YOUR OBJECTIVE ▸
In the entries below, which lines run from the one containing "662 Sheppard Avenue E, #609C" to the one containing "The TEMPO app's"? Copy exactly those lines, ends included, and no others.

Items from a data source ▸
*** Begin section ***
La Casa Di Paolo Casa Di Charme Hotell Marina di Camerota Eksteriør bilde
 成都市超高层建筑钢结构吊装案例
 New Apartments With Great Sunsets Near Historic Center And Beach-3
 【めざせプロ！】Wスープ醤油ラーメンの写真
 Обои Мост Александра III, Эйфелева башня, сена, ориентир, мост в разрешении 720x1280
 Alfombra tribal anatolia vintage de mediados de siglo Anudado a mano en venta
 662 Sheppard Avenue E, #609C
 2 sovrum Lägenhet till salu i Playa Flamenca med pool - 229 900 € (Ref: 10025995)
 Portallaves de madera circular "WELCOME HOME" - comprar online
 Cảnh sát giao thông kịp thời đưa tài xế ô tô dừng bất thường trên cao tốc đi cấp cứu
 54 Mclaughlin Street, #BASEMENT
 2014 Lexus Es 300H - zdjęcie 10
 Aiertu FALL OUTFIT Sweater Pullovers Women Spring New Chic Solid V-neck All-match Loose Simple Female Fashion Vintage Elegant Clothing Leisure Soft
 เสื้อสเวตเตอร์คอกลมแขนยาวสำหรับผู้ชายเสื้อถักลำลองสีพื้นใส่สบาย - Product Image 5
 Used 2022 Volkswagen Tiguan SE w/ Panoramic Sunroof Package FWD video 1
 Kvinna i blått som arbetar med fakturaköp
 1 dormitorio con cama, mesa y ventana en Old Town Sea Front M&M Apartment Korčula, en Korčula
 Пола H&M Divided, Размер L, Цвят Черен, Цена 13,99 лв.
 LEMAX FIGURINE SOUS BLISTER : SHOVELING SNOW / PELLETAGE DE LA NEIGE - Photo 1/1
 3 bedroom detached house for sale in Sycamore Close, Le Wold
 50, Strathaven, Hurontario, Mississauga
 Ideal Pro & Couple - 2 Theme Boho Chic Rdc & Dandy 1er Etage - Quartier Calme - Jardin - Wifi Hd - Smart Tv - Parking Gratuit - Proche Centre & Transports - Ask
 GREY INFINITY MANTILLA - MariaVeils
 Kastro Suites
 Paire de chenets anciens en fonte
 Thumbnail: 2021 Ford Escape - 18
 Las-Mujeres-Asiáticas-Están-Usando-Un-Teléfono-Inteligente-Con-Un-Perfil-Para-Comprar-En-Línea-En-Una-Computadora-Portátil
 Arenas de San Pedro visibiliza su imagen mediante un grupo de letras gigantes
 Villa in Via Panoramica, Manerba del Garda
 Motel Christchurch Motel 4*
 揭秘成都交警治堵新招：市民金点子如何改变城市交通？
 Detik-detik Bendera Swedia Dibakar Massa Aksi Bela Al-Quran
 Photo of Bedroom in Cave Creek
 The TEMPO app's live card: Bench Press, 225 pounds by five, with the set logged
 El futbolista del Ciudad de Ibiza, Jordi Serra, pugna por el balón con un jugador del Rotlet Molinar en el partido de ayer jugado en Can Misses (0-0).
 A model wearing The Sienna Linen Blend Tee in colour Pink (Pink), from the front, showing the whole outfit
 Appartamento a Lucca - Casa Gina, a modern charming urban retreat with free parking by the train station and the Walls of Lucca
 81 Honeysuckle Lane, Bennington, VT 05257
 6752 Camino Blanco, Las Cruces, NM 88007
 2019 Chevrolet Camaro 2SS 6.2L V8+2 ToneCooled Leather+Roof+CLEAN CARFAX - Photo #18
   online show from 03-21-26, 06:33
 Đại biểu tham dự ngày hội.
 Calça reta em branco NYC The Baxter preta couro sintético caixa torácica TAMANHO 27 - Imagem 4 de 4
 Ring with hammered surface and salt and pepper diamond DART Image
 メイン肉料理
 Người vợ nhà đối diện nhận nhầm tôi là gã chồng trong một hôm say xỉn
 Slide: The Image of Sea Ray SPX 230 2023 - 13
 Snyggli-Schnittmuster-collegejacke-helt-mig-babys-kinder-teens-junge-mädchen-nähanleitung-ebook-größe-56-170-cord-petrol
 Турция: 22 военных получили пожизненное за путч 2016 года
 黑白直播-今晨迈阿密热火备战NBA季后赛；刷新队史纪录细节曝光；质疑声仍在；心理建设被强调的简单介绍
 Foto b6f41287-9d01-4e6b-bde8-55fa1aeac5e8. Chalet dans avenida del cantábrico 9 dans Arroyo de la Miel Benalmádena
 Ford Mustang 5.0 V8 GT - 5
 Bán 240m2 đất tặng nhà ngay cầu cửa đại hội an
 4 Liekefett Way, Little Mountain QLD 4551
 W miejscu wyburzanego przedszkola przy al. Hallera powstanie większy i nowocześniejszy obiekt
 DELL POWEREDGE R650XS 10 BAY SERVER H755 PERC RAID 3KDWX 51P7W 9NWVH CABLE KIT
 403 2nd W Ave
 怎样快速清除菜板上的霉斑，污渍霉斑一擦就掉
*** End section ***
SOLUTION FOR THIS PROBLEM ▸
 662 Sheppard Avenue E, #609C
 2 sovrum Lägenhet till salu i Playa Flamenca med pool - 229 900 € (Ref: 10025995)
 Portallaves de madera circular "WELCOME HOME" - comprar online
 Cảnh sát giao thông kịp thời đưa tài xế ô tô dừng bất thường trên cao tốc đi cấp cứu
 54 Mclaughlin Street, #BASEMENT
 2014 Lexus Es 300H - zdjęcie 10
 Aiertu FALL OUTFIT Sweater Pullovers Women Spring New Chic Solid V-neck All-match Loose Simple Female Fashion Vintage Elegant Clothing Leisure Soft
 เสื้อสเวตเตอร์คอกลมแขนยาวสำหรับผู้ชายเสื้อถักลำลองสีพื้นใส่สบาย - Product Image 5
 Used 2022 Volkswagen Tiguan SE w/ Panoramic Sunroof Package FWD video 1
 Kvinna i blått som arbetar med fakturaköp
 1 dormitorio con cama, mesa y ventana en Old Town Sea Front M&M Apartment Korčula, en Korčula
 Пола H&M Divided, Размер L, Цвят Черен, Цена 13,99 лв.
 LEMAX FIGURINE SOUS BLISTER : SHOVELING SNOW / PELLETAGE DE LA NEIGE - Photo 1/1
 3 bedroom detached house for sale in Sycamore Close, Le Wold
 50, Strathaven, Hurontario, Mississauga
 Ideal Pro & Couple - 2 Theme Boho Chic Rdc & Dandy 1er Etage - Quartier Calme - Jardin - Wifi Hd - Smart Tv - Parking Gratuit - Proche Centre & Transports - Ask
 GREY INFINITY MANTILLA - MariaVeils
 Kastro Suites
 Paire de chenets anciens en fonte
 Thumbnail: 2021 Ford Escape - 18
 Las-Mujeres-Asiáticas-Están-Usando-Un-Teléfono-Inteligente-Con-Un-Perfil-Para-Comprar-En-Línea-En-Una-Computadora-Portátil
 Arenas de San Pedro visibiliza su imagen mediante un grupo de letras gigantes
 Villa in Via Panoramica, Manerba del Garda
 Motel Christchurch Motel 4*
 揭秘成都交警治堵新招：市民金点子如何改变城市交通？
 Detik-detik Bendera Swedia Dibakar Massa Aksi Bela Al-Quran
 Photo of Bedroom in Cave Creek
 The TEMPO app's live card: Bench Press, 225 pounds by five, with the set logged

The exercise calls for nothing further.